Misc blog.
Published on September 30, 2004 By XX In Politics
I always wondered about the polls. News always show them, websites has em, etc.

The polls usually is very accurate and truthful. (I said usually!) However, what is truthful can also lie too. It's kind of like one of those statements that is truthful but intent or content is distorted.

You say, "Hey! How can it possibly be truthful and deceitful?" Basically, it goes like this: For example, a poll may show that 35% of people prefer to eat road kills and 40% likes to eat roadkill only if it has cheese. It may sound odd, but it's truthful. 7 hillbillies loves roadkills, and another 8 hillbillies only eats with cheese. *note: just a example I didn't do any poll or know any hillbillies.*

You can show basically any results by asking right people. Want higher than 80% anti-gay? Go poll only in conservative churches. Want post 80% anti-gun ban? Go to NRA. Any kind of results can be done that way.

Now, how did one of politic related polls show that Left is more popular while another shows that Right is more popular? It is simple but very insidious. Rights just go to richer communities for polls and Lefts goes to poorer areas.

It's impossible to know if a certain poll were conducted widely or pointed to certain group of people to shift the result. Basically, Polls can be a useful tool but people can also use it to lie. In politics it is much worse. Left and Right always wins on popularity all time. How is it possible? Poll shifts by targeting groups.

Politic polls is always worthless. It's pretty much like counting chickens before they hatch.

Object lesson is this: Polls can be useful, but like people, it can lie.

on Sep 30, 2004
Polls are not meant to be Truthful, all they attempt to do is measure and quantify something as ephemeral as public opinion. No poll can be 100% accurate and the margin of error is ofen wide. Yet politicians need an index against which to measure publis perception and hence polls.
on Sep 30, 2004
Yeah. The problem I have outlined is that you could get pretty much any results you want, and politic news, etc usually abuse that.
on Sep 30, 2004

It also has a lot to do with the way a question is asked. For example, on the partial birth abortion issue, if they got a good random sampling, but wanted a more favorable response, the question might be:

"Do you support late term termination of pregnancy if the life or health of the mother or fetus is in jeopardy?"

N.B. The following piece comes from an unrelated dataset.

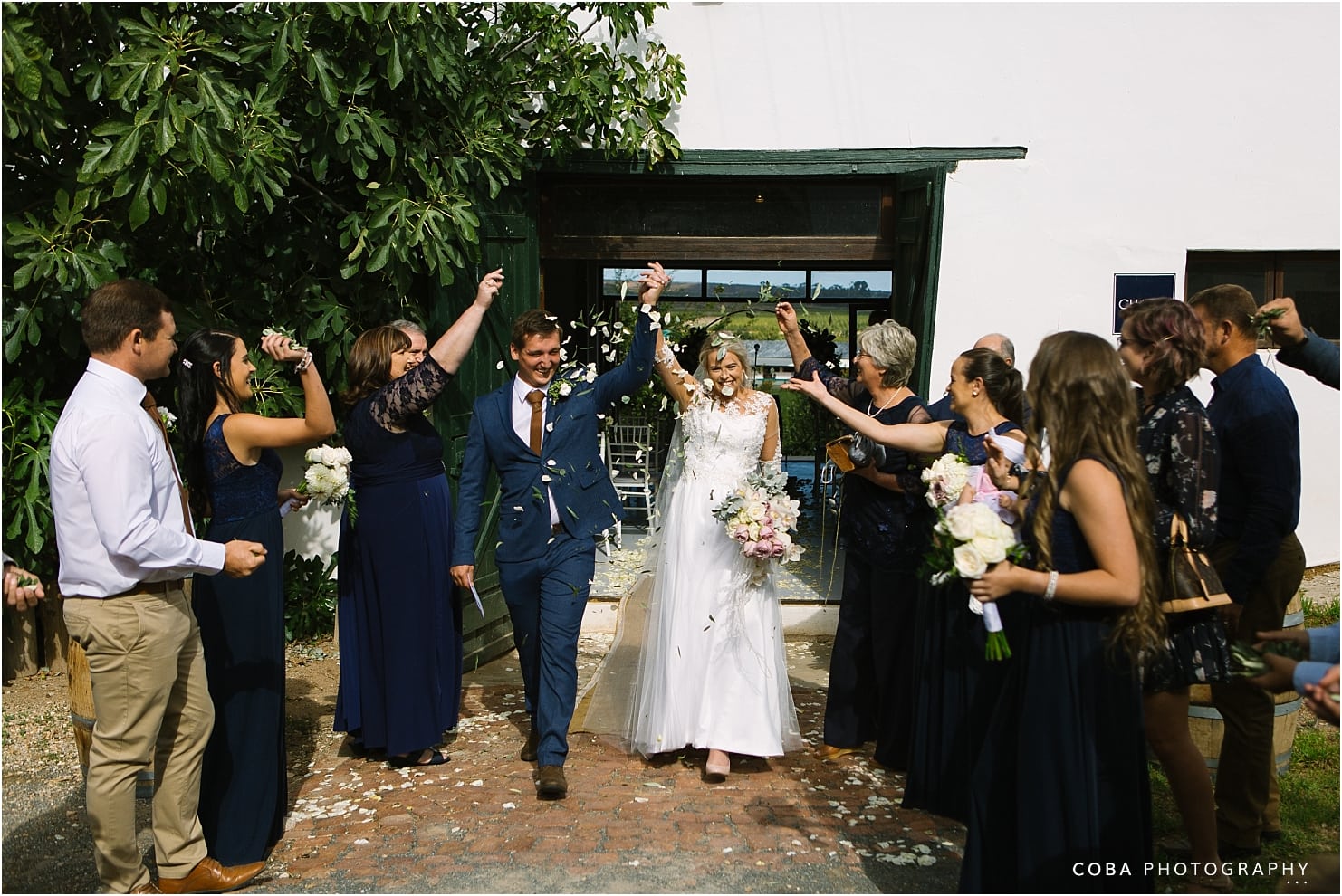 wedding at leipzig worcester couple walking through confetti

Note that by using the terms "life OR HEALTH", you make it sound as if it's about general medical concerns, when the truth is, in a large percentage of pregnancies, the HEALTH of the mother could be considered to be in jeopardy, so this question would elicit a fairly strong favorable response. It would change if you asked the question in the following manner:

"Do you support partial birth abortion on demand into the 9th month?"

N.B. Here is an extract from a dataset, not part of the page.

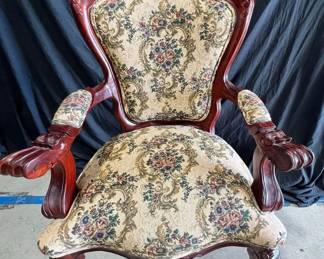 Armchair with a floral seat.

By combining two "red flag" terms ("partial birth abortion; abortion on demand") for American conservatives, you're likely to get a very high negative response. And yet, you've asked the same question both times.

on Sep 30, 2004
It's worth noting that the most useful polls tend to be recurring polls that ask the same questions to the same population balance. These polls do not so much show national statistics, but change in preferences.

It's also worth noting that many of the political polls are run by independant organistaions which spend large quantities of money analysing populations to determine exactly what mix of people to interview for an accurate portrayal of the national statistics. Interestingly most political polls give a margin of error to them, which is fairly laughable for those who understand such thing.

on Sep 30, 2004
Gideon MacLeish, you hit another way to mislead using poll. It's one that I competely missed.

spend large quantities of money analysing populations to determine exactly what mix of people to interview for an accurate portrayal of the national statistics

The same data could be abused to give the results they want to have.
on Sep 30, 2004
If a poll is scientific, the actual data should be within the margin of error.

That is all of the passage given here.